The slump follows Chinese government estimates that holiday sales at the nation’s main retailers and restaurants rose at their slowest pace since the 2009 financial crisis, adding to signs the world’s second-largest economy is cooling. Carmakers from General Motors Co. to Ford Motor Co (F). are counting on a rebound in February as they rely on China, the world’s biggest auto market, to help drive earnings this year.

“Even though the actual holiday was five working days, some dealerships took the opportunity to close their stores for a longer time,” said Ran Fei, an analyst with Great Wall Securities Co. in Shenzhen. “The numbers are disappointing.”

Worst Drop in Years

January’s drop was steeper than the previous record set almost seven years ago, when February sales declined 23 percent because the holidays occurred in January the preceding year, according to CAAM data stretching back to 2005. The auto group has forecast deliveries will rise 9.5 percent this year.

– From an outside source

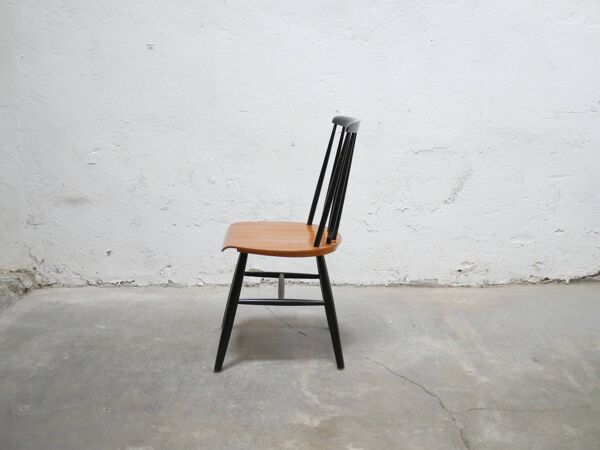 Chaise scandinave vintage par I.Tapiovaara modèle Fanett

The Lunar New Year -- also observed in South Korea, Singapore, Malaysia and Vietnam -- typically falls in early February.

German and U.S. carmakers gained 1.7 percentage points and 1.5 percentage points, respectively, in market share last month at the expense of Chinese and Japanese brands, according to CAAM’s statement yesterday. Volkswagen’s Passat sedan was the top-selling sedan model in January, ahead of GM’s Buick Excelle, Chevrolet Cruze and Sail, according to CAAM.

Consumer demand may be slowing. Holiday retail sales on the Chinese mainland grew 16 percent to 470 billion yuan ($75 billion), or 3 percentage points below last year’s increase, according to preliminary government data released by the Ministry of Commerce.

Growth in total auto sales, including those of commercial vehicles, will probably accelerate to 8 percent this year after slowing to 2.5 percent in 2011, according to CAAM. Deliveries last year slowed from 32 percent in 2010 after the government withdrew a two-year package of tax breaks and rebates that helped the country overtake the U.S.

Slower Than U.S.

Vehicle sales growth in China last year lagged behind the U.S. for the first time in at least 14 years, according to figures from the Chinese industry group and U.S. researcher Autodata Corp.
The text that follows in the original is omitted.